Malta is a small archipelago of islands located in the south of Europe. With a land mass of approximately 122 square miles, Malta is one of the smallest countries on Earth. It is also one of most densely populated countries, too, with a population of close to 500,000 people.
The Maltese Archipelago is made up of five islands: Malta, Gozo, Comino, Filfla and Kemunett. The capital city, Valletta, and the largest town, Birkirkara can both be found on the main island of Malta.
A brief history of Malta
Malta’s location in Southern Europe made it an area of great strategic importance. Many nations have fought over the Maltese Islands over the ages.
It is believed that the first settlers arrived on Malta as far back as 5200BC. These settlers lived a simple life growing food, raising families and trading with nearby Mediterranean nations.
Around 3500BC, these settlers built a number of temples to worship their deities. Many of these temples still stand today, making them some of the oldest free standing religious sites in the world. Arguably the most famous of these temples are the Ggantija temples, located on the island of Gozo. Like most of the temples of that particular era, the Ggantija temples are simple in design and made out of stone.
Around 700BC, Ancient Greek settlers made their way to Malta, settling close to the area where Valletta stands today. The Phoenicians also moved to Malta around 400BC, too. By 117AD, however, the Phoenicians and the Ancient Greeks were warded off the island as the Roman Empire took control. Malta stayed under Roman rule until the Byzantine Greeks removed the Romans from power in 395AD.
Malta stayed under Byzantine rule for almost four centuries. However, in 870AD, Arab invaders invaded Malta and fought off the Byzantines. Malta remained relatively deserted until groups of Arabs from Sicily relocated to the islands around 1050AD.
Many nations continued to fight for control of Malta over the next millennium until the country joined the British Empire in 1814. Malta stayed a part of the Empire until it achieved its independence in 1964.
Malta’s rich and storied history has led to the country developing a varied culture that draws inspiration from many different sources. Maltese music draws inspiration from Roman, Greek and Ghanese music, while Maltese literature draws from Arabian and Mediterranean influences.
Maltese architecture also draws inspiration from a number of different sources, including British architecture and Mediterranean architecture. Splashes of Roman styling can be seen next to Byzantine pillars with British flourishes. Few places in the world have as diverse an architectural style as Malta.
All those travelling to Malta to enjoy Malta holidays should include a visit to the ancient town of Mdina and the scenic town of Rabat. Both towns feature unique architecture, temples, churches and other impressive houses of worship and lets you peer into Malta’s colorful past.
The capital city Valletta is also unique in that it combines the new with the old.
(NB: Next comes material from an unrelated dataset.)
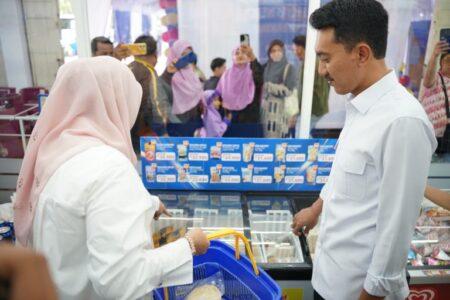Gandeng Indomaret, Pemkab Banjar Luncurkan Produk UMKM Frozen Food Khas Daerah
Modern day buildings can be found in city as can stunning, historic buildings like St John’s Co-Cathedral and the Hypogeum, a subterranean Megalithic temple dating back many centuries.
Maltese Cuisine draws inspiration from a number of Mediterranean and English influences. Bread, pastry and meat based dishes make up most of Maltese cuisine. Particularly delicacies include ‘fenkata’, stewed rabbit, and grilled pork cuts.
Maltese Festivals and Events
Festivals and events are held throughout the year in Malta. February/March sees the Valletta Carnival rolling into Malta, with parades and dance and costume competitions being held in the capital. In June, Ghanafest, a folk music festival, takes place with 3 days of traditional Maltese music being played. Other music festivals include the Malta Jazz Festival in July, the Malta Death Fest in September and the Isle of Malta Special in June, the largest free open air concert in Europe.
Other popular festivals include the Malta Arts Festival in July, a showcase of Maltese theatre, dance and musical artistry, and the Notte Bianca in September, a night long celebration in Valletta that sees many museums and historic buildings putting on exhibitions and theatre performances.
Festivals in Malta are unique due to their sheer variety and scale. They are colourful, vibrant and exciting. The local Maltese people get into the spirit of the festivals too with many going out of their way to ensure that festival goers enjoy themselves.
Malta’s long and storied history has given it a rich, fascinating culture. All visitors to Malta should set aside time to visit the country’s many historic sights and museums while on their trip.